Chapter 1: Plausible Reasoning

  • Extending Deductive Logic to Incomplete Information
    • Jaynes reinterprets probability as an extension of deductive logic to cases of incomplete information.
    • Whereas a classical syllogism (a type of logical argument that uses deductive reasoning to arrive at a conclusion based on premises, where the conclusion logically follows from the premises) goes: \(\text{If } P \text{ then } Q, P \implies Q\)
    • In plausible reasoning we observe Q and infer that P is made more likely — but not proven — by that evidence.
    • Example:
      • A police officer sees a masked man near a broken window.
      • Although many explanations are possible, the observation increases the plausibility that the man is a thief.
      • This isn’t a strict logical deduction but a hypothesis update based on background experience.
    • This is huge because it transforms how we approach uncertainty. Instead of being stuck with a binary true/false framework of traditional deductive logic, Jaynes’s reinterpretation bridges the gap between certainty and uncertainty.
      • Traditional syllogisms guarantee a conclusion if the premises are met.
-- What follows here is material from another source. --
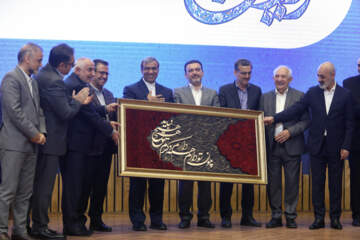 مراسم تجلیل از صادرکنندگان نمونه در مشهد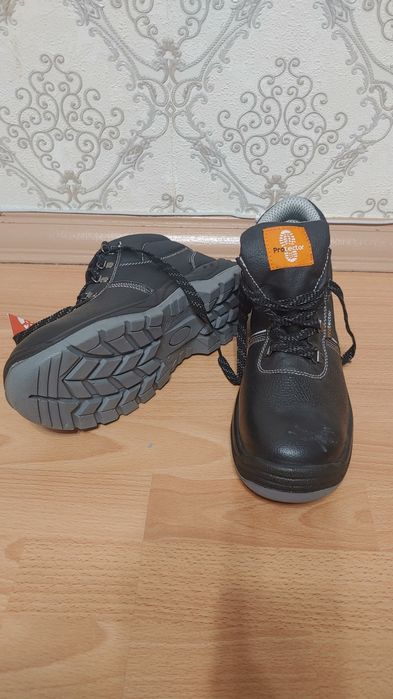 Рабочие спецботинки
However, in the real world we rarely have complete information.
      • By observing Q and inferring that P becomes more likely (though not proven), we move from rigid deduction to flexible, evidence-based reasoning.
    • Additionally, propositional logic can be used as the building block
    • And plausibility can be quantitatively represented
      • Jaynes asserts that plausibility should be represented by a real number.
      • A higher number indicates a greater degree of belief in the truth of a proposition.
  • Desiderata for Consistent Reasoning
    • Jaynes proposes an imaginary robot whose brain is designed to follow a set of carefully chosen rules of plausible reasoning, derived from fundamental desiderata expected in human cognition.
    • Its brain is to be designed by us, so that it reasons according to certain definite rules.
    • These rules will be deduced from simple desiderata which would be desirable in human brains; i.e. a rational person, on discovering that they were violating one of these desiderata, would wish to revise their thinking.
    • Jaynes introduces a set of criteria or desiderata that any such robot must satisfy:
      1. Degrees of plausibility are represented by real numbers
        • Plausibilities are real numbers to allow a clear, unambiguous comparison (e.g., “more plausible” means numerically larger).
      2. Qualitative correspondence with common sense
        • If additional information makes A more plausible, then for any proposition B (whose plausibility remains unchanged), the joint plausibility should not decrease:
        • If we update information (C) to (C’) in such a way that the plausibility for (A) is increased:
          $$ (A \mid C') > (A \mid C) $$

          but the plausibility for (B) given (A) remains unchanged:

          $$ (B \mid A C') = (B \mid A C) $$

          then this update can only produce an increase (never a decrease) in the plausibility that both (A) and (B) are true:

          $$ (AB \mid C') \geq (AB \mid C) $$

          and it must produce a decrease in the plausibility that (A) is false:

          $$ (\overline{A} \mid C') < (\overline{A} \mid C) $$
      3. Consistent Reasoning:
        1. If a conclusion can be reasoned out in more than one way, then every possible way must lead to the same result.
        2. The robot always takes into account all of the evidence it has relevant to a question.
          • It does not arbitrarily ignore some of the information, basing its conclusions only on what remains.
          • In other words, the robot is completely nonideological.
        3. The robot always represents equivalent states of knowledge by equivalent plausibility assignments.
          • If in two problems the robot’s state of knowledge is the same (except perhaps for the labeling of the propositions), then it must assign the same plausibilities in both.
  • Mind Projection Fallacy
    • Jaynes warns against confusing the properties of our knowledge with properties of the world.
    • When we say “the probability of event X is p,” we are expressing our state of knowledge rather than a physical attribute of the event itself.
    • Many debates in probability stem from conflating epistemological uncertainty (our lack of complete information) with ontological indeterminacy (the inherent randomness of nature).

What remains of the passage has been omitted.